Now fully grown, our young warrior awaits his quest. In early September 1972, as a busy neurology resident, he is called on to care for a patient with progressive dementia. A slender woman of 60, she is rapidly losing her mind and the control of her motor functions. Two months later, she is “a neurological vegetable.” An autopsy confirms the clinical diagnosis: CJD, one of the diseases then thought to be caused by an as-yet unidentified “slow brain virus.”

Yet the more Prusiner reads about what caused his patient’s rapid decline, the less he understands. How could a person with a viral infection lack the signs of an infection, such as a fever or elevated counts of infection-fighting cells? Then he reads a provocative study by Tikvak Alper (one of several women, along with his mother and grandmother, whose influence is pivotal in his life) suggesting that CJD is caused not by a virus but by some kind of “scrapie agent.” The care he gave his patient is replaced by an obsession to discover what caused her disease.

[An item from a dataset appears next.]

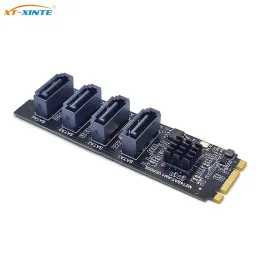 Karten M.2 Keym/B PCIe PCIe 3.0 bis 4/6 Port SATA 3.0 Adapterkarte Riser ASM1064 6 Gbit/s für M2 NVME 2280 SSD -Erweiterungskarte PC Computer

Prusiner’s career-development award from the NIH involved the study of glutamate metabolism. Had he simply focused on this highly fundable work, he could have led a comfortable professional life in a well-funded domain of science. Instead, he managed to secure a small grant to study the scrapie agent.

The reader presumably knows how this quest will end. Prusiner discovered that brain diseases once thought to be caused by a “slow virus” in fact share a common cause: a proteinaceous infectious particle that he named a prion. Acceptance did not come easily, and he chronicles the fierce scientific disputes that accompanied his discovery in fascinating detail. But as his 1997 Nobel Prize in Physiology/Medicine resoundingly confirmed, prions are now widely accepted as among the causes of neurological diseases.

Prusiner’s task in writing about this is to avoid self-promotion and instead to narrate his quest with candor and insights that tell us what we cannot learn from an annotated bibliography of his papers. He succeeds. He certainly shreds the image of scientists as rational beings living dull, unemotional lives. Scientists are as passionate, arrogant, and ambitious as artists, keen to win honors and marquee billing. Though they often wish that, like novelists, they could name their discoveries, they’ll usually settle for money—the more, the better. Luck—“huge doses of it,” says Prusiner—helps. He mentions his “loving partner” and two daughters, but that’s all we hear of them—and nothing about friends or any other life outside the lab. In the life of the scientist, is there life outside of science?

Each year, universities devote considerable resources to training their young scientists in the responsible conduct of research and, to use Prusiner’s term, the “dangerous behaviors to be avoided” such as doing experiments on humans without their permission, faking data, and stealing results or credit from another scientist. What’s usually missing in this training is how to live the life of a scientist, and the challenges of living honestly with oneself. Madness and Memory should be part of the curriculum.


Jason Karlawish is a professor of medicine, medical ethics, and health policy at Penn and the author of Open Wound: The Tragic Obsession of Dr. William Beaumont [“Arts,” Mar|Apr 2012].